■ TASK DESCRIPTION
Once you have found the line with "Chen's Taijiquan Thirteen" in the records below, retype it and every line after it to the end exactly, with no pictures and nothing more.

■ DATA EXTRACT

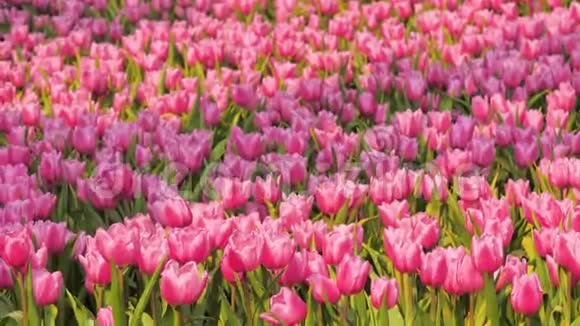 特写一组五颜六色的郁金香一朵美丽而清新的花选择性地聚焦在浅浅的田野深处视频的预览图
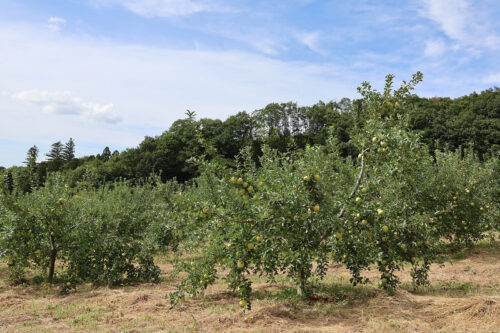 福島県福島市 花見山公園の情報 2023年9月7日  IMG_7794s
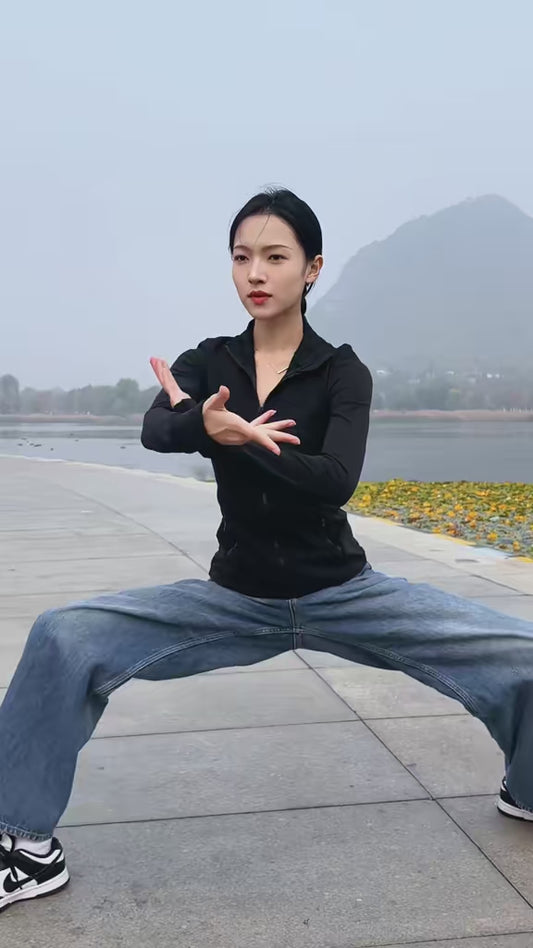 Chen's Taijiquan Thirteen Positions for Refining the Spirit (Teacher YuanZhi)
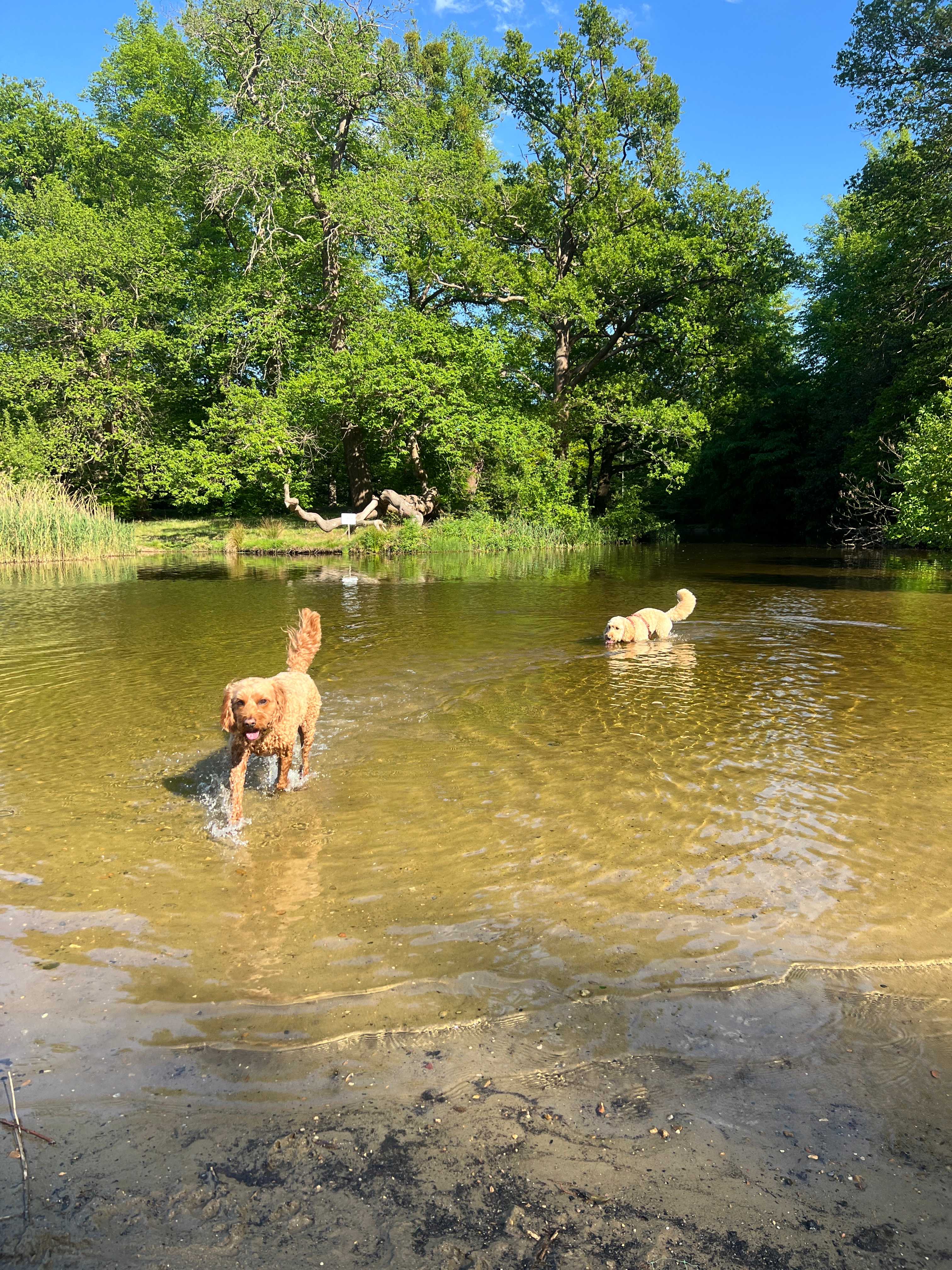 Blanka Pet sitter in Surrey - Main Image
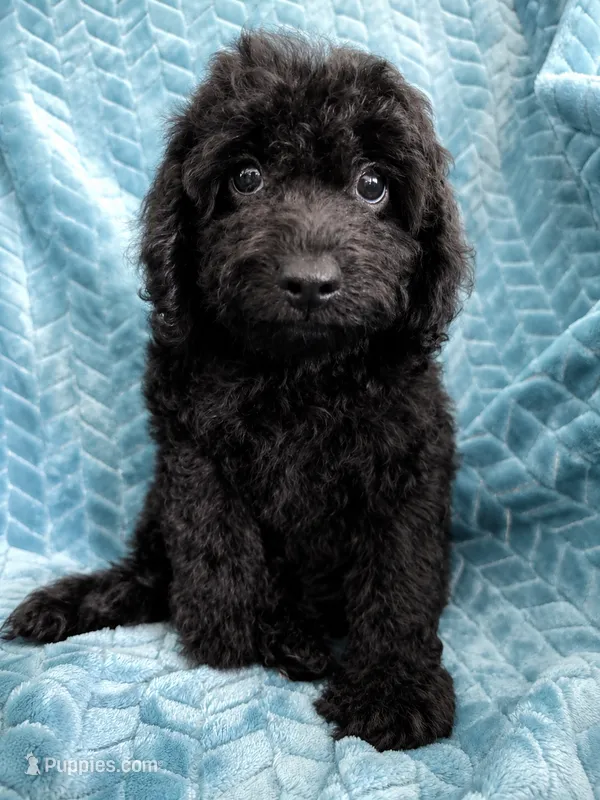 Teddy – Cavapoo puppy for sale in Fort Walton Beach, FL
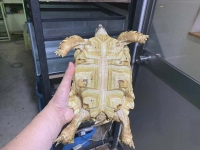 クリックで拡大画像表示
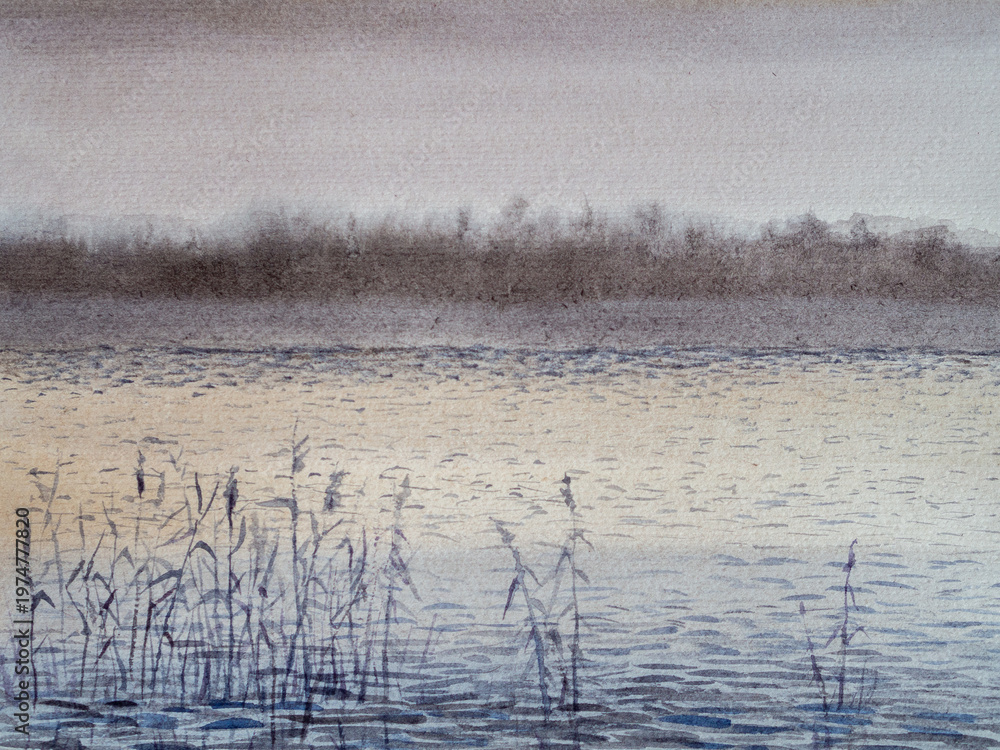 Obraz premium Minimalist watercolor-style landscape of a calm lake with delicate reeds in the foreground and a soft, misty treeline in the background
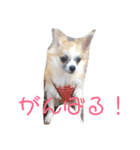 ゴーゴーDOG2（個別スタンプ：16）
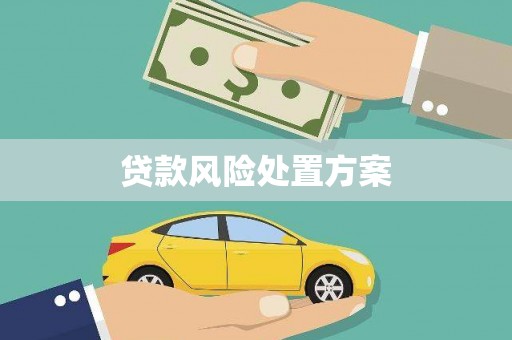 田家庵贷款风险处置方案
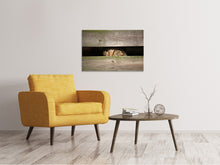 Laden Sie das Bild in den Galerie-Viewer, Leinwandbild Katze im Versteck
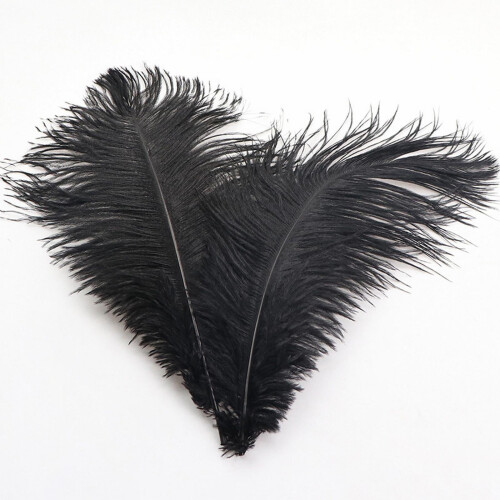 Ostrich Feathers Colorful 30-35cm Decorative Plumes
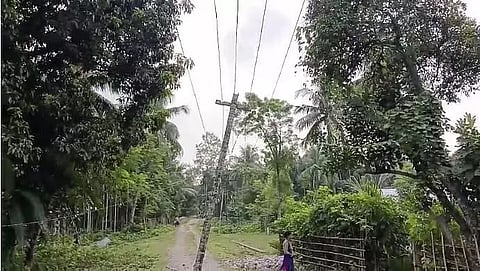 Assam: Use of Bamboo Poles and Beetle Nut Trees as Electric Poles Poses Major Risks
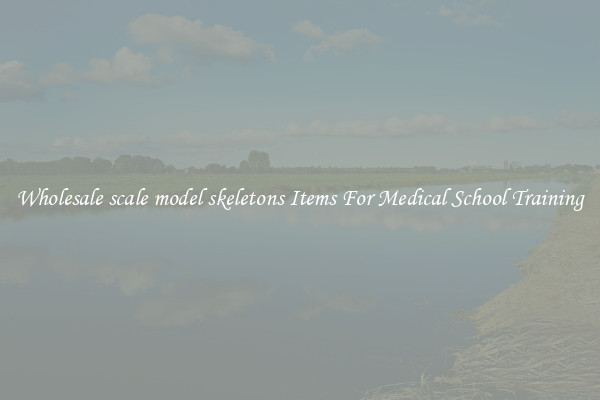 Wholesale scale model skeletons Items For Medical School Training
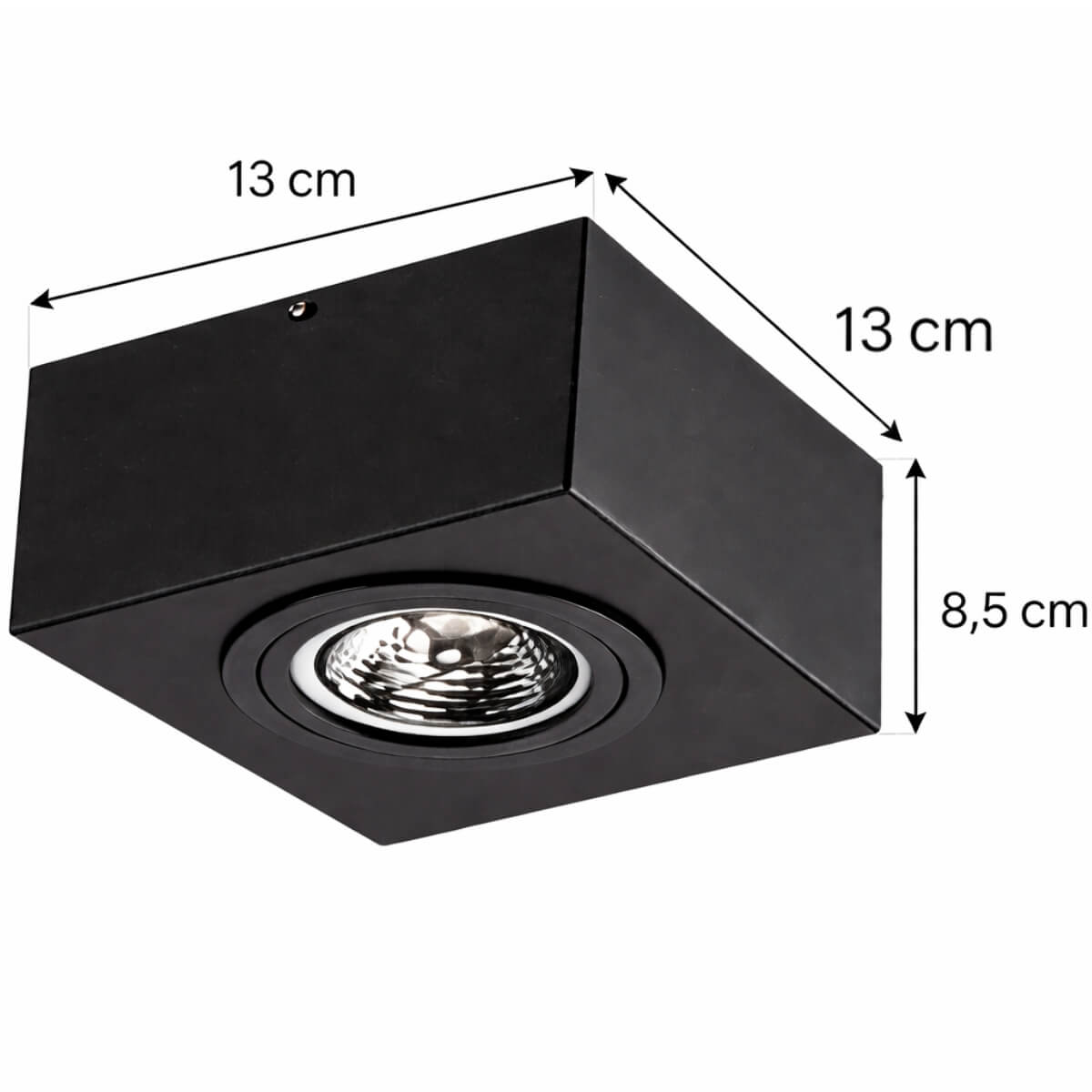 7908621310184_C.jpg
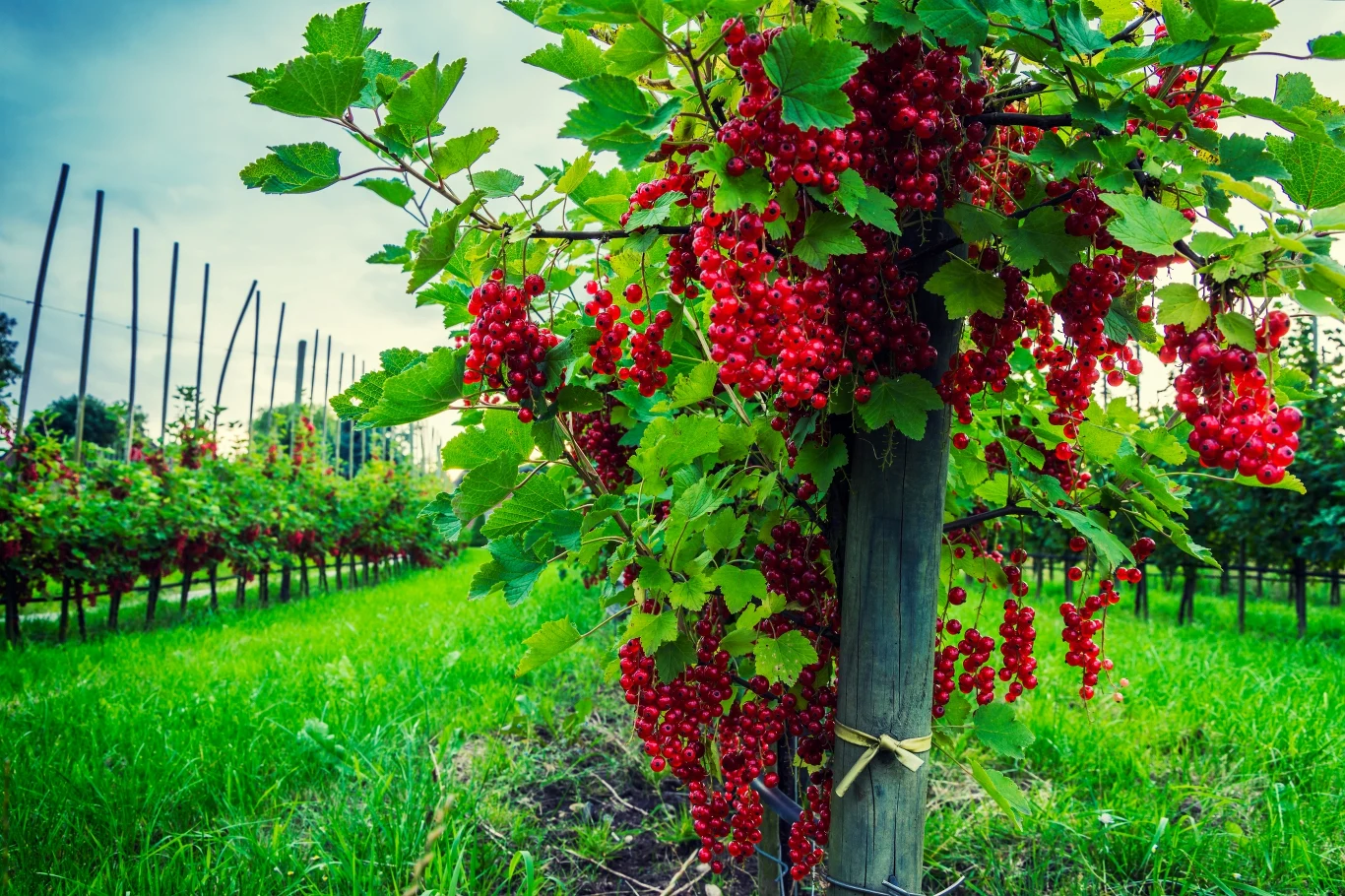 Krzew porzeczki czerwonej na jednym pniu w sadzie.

■ REPLY
 Chen's Taijiquan Thirteen Positions for Refining the Spirit (Teacher YuanZhi)
 Blanka Pet sitter in Surrey - Main Image
 Teddy – Cavapoo puppy for sale in Fort Walton Beach, FL
 クリックで拡大画像表示
 Obraz premium Minimalist watercolor-style landscape of a calm lake with delicate reeds in the foreground and a soft, misty treeline in the background
 ゴーゴーDOG2（個別スタンプ：16）
 田家庵贷款风险处置方案
 Laden Sie das Bild in den Galerie-Viewer, Leinwandbild Katze im Versteck
 Ostrich Feathers Colorful 30-35cm Decorative Plumes
 Assam: Use of Bamboo Poles and Beetle Nut Trees as Electric Poles Poses Major Risks
 Wholesale scale model skeletons Items For Medical School Training
 7908621310184_C.jpg
 Krzew porzeczki czerwonej na jednym pniu w sadzie.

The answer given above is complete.